The Korea Zinc Case: Why the Pentagon Is Worried About China-Linked Private Equity in Defense Supply Chains
The US Department of Defense recently moved to support Korea Zinc’s proposed USD 7.4 billion smelting plant in Tennessee. The facility would refine critical minerals used for military applications, such as fighter jets, sensors, and night-vision systems. The Pentagon may have had multiple motivations to support Korea Zinc, including concerns about who might own the South Korean smelter years from now.
This concern has sharpened due to an ongoing governance dispute at Korea Zinc. The dispute centers on a shareholder alliance led by MBK Partners and founding shareholder Young Poong. According to South Korean media reports, this alliance controls roughly 44% of Korea Zinc’s voting shares, which is enough to block major decisions, but not enough to run the company outright.
The Financing Dispute
The immediate disagreement concerns project financing. Korea Zinc has proposed issuing new shares to fund the Tennessee project through a US-backed joint venture (JV). MBK and Young Poong have filed a court injunction in Seoul to block the issuance, arguing this would unfairly dilute existing shareholders. As a result, the financing plan is under judicial review and has not yet been approved.

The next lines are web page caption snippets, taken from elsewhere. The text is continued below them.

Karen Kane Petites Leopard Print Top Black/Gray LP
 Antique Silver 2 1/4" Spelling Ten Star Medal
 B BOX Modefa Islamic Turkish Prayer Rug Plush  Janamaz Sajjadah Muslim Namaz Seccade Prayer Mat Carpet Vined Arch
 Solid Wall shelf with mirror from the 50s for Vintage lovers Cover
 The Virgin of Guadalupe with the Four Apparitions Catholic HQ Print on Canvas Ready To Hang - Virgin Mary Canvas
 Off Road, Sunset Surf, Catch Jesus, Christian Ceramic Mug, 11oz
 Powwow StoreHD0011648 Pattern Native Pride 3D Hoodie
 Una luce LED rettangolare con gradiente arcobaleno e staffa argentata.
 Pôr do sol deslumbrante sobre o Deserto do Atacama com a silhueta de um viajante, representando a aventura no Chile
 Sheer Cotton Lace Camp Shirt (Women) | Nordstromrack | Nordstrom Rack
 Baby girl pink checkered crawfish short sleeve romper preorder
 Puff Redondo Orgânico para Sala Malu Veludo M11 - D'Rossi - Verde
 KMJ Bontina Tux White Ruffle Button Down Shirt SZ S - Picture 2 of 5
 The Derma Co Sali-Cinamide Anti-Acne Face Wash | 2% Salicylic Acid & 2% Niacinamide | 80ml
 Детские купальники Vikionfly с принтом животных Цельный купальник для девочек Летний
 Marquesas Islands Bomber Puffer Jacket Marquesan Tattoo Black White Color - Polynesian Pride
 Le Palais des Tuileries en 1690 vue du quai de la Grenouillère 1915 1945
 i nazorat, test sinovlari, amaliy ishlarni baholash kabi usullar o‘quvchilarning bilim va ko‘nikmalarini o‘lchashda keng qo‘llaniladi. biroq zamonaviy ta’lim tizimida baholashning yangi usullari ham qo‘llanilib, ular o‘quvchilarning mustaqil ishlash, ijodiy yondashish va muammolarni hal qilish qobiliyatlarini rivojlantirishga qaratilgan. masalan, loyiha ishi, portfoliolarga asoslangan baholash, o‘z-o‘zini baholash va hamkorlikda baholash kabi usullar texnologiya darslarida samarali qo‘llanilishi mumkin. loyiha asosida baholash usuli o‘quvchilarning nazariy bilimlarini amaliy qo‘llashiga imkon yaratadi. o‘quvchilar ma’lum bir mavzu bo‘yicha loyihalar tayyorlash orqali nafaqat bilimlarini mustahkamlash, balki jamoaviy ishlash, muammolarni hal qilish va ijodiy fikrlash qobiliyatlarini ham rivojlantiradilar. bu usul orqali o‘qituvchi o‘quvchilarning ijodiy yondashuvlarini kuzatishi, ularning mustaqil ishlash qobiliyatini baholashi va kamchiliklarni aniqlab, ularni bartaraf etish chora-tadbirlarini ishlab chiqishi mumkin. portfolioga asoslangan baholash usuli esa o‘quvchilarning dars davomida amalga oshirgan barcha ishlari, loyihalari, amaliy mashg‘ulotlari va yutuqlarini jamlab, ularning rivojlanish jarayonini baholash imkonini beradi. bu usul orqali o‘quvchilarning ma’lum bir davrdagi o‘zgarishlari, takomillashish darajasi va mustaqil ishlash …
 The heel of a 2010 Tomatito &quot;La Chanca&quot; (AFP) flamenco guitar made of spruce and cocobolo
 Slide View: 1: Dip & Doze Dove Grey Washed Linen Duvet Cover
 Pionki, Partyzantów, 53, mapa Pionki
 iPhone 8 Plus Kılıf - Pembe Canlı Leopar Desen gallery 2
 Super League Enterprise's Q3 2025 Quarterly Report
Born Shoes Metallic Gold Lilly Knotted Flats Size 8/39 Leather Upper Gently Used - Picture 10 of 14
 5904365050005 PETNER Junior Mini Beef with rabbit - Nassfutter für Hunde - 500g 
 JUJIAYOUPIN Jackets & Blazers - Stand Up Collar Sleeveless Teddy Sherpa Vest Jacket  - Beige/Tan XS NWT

South Korean media reports indicate MBK’s legal action concerns shareholder rights, not its opposition to the US investment or to the Tennessee project itself. However, from the Pentagon’s perspective, the dispute highlights how ownership could evolve once private capital moves toward eventual exit.
Why Capital Sources Matter
MBK is a Seoul-based private equity (PE) firm founded and managed by South Korean and US nationals. There is no evidence it is controlled by China. However, South Korean media have reported that China Investment Corporation (CIC), a Chinese sovereign wealth fund, has committed roughly 5% of the capital in MBK’s sixth flagship fund. CIC is a limited partner with no management role.
That said, the concern here is not about influence today, but exposure over time. PE firms buy companies, improve them, and eventually sell their stakes. When that moment arrives, the identity of potential buyers matters, particularly in defense-related sectors.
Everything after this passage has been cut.